Fix argdist, trace, tplist to use the libbcc USDT support (#698)

* Allow argdist to enable USDT probes without a pid

The current code would only pass the pid to the USDT
class, thereby not allowing USDT probes to be enabled
from the binary path only. If the probe doesn't have
a semaphore, it can actually be enabled for all
processes in a uniform fashion -- which is now
supported.

* Reintroduce USDT support into tplist

To print USDT probe information, tplist needs an API
to return the probe data, including the number of
arguments and locations for each probe. This commit
introduces this API, called bcc_usdt_foreach, and
invokes it from the revised tplist implementation.

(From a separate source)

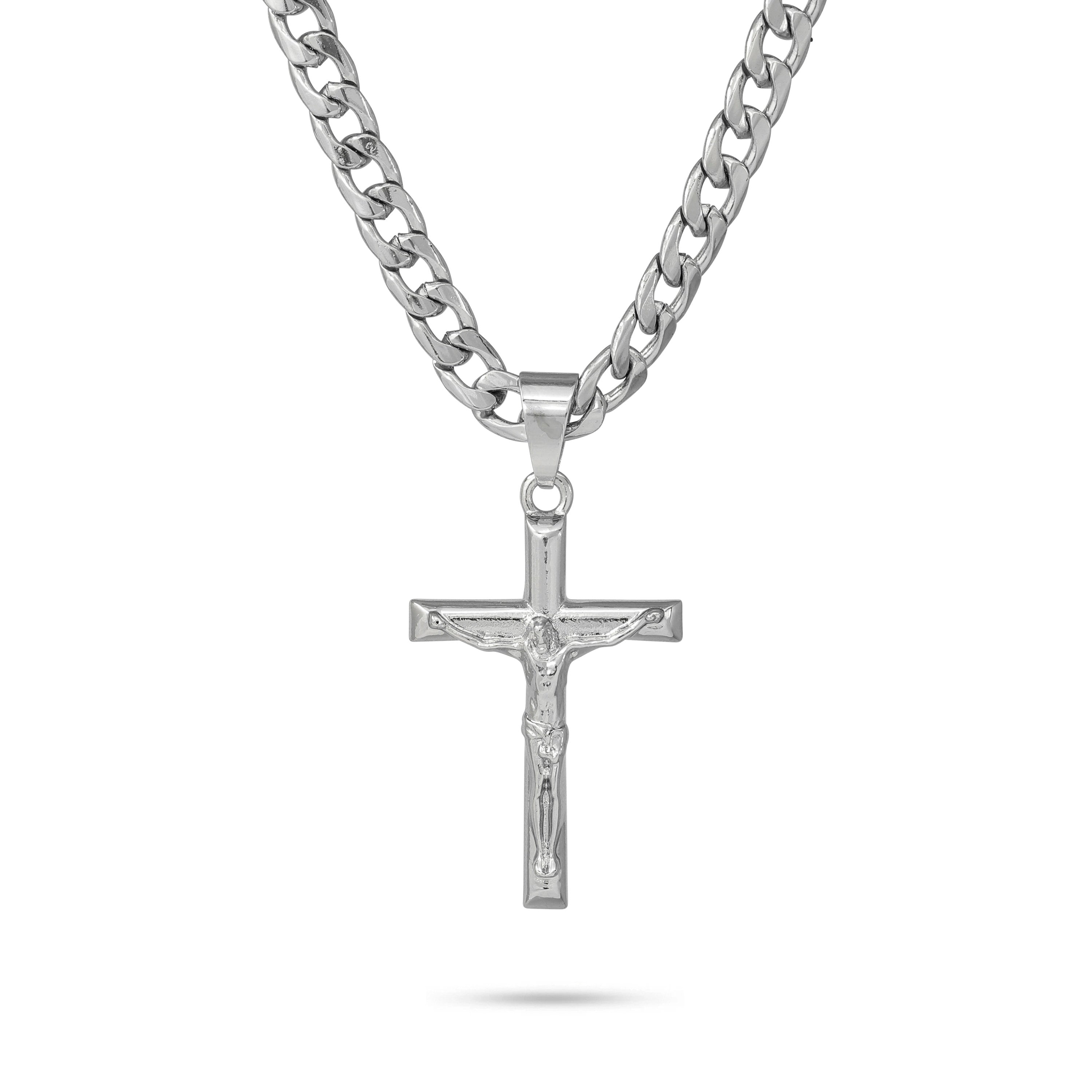 Silver men's crucifix pendant with engraved Christ design on thick Cuban link necklace.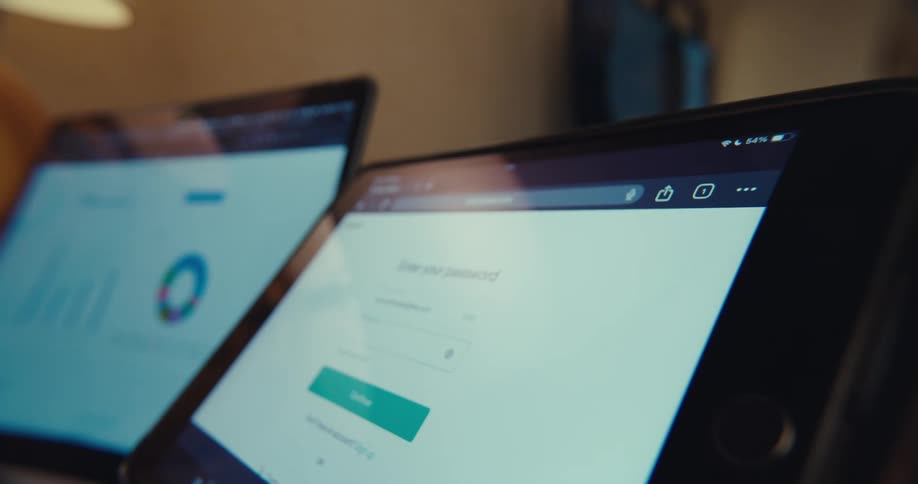 Close up of screens of a tablet and laptop displaying an application sign in page and a chart diagram respectively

Although the result is not 100% identical to the
original tplist, which could also print the probe
argument information, this is not strictly required
for users of the argdist and trace tools, which is
why it was omitted for now.

* Fix trace.py tracepoint support

Somehow, the import of the Perf class was omitted
from tracepoint.py, which would cause failures when
trace enables kernel tracepoints.

* trace: Native bcc USDT support

trace now works again by using the new bcc USDT support
instead of the home-grown Python USDT parser. This
required an additional change in the BPF Python API
to allow multiple USDT context objects to be passed to
the constructor in order to support multiple USDT
probes in a single invocation of trace. Otherwise, the
USDT-related code in trace was greatly simplified, and
uses the `bpf_usdt_readarg` macros to obtain probe
argument values.

One minor inconvenience that was introduced in the bcc
USDT API is that USDT probes with multiple locations
that reside in a shared object *must* have a pid
specified to enable, even if they don't have an
associated semaphore. The reason is that the bcc USDT
code figures out which location invoked the probe by
inspecting `ctx->ip`, which, for shared objects, can
only be determined when the specific process context is
available to figure out where the shared object was
loaded. This limitation did not previously exist,
because instead of looking at `ctx->ip`, the Python
USDT reader generated separate code for each probe
location with an incrementing identifier. It's not a
very big deal because it only means that some probes
can't be enabled without specifying a process id, which
is almost always desired anyway for USDT probes.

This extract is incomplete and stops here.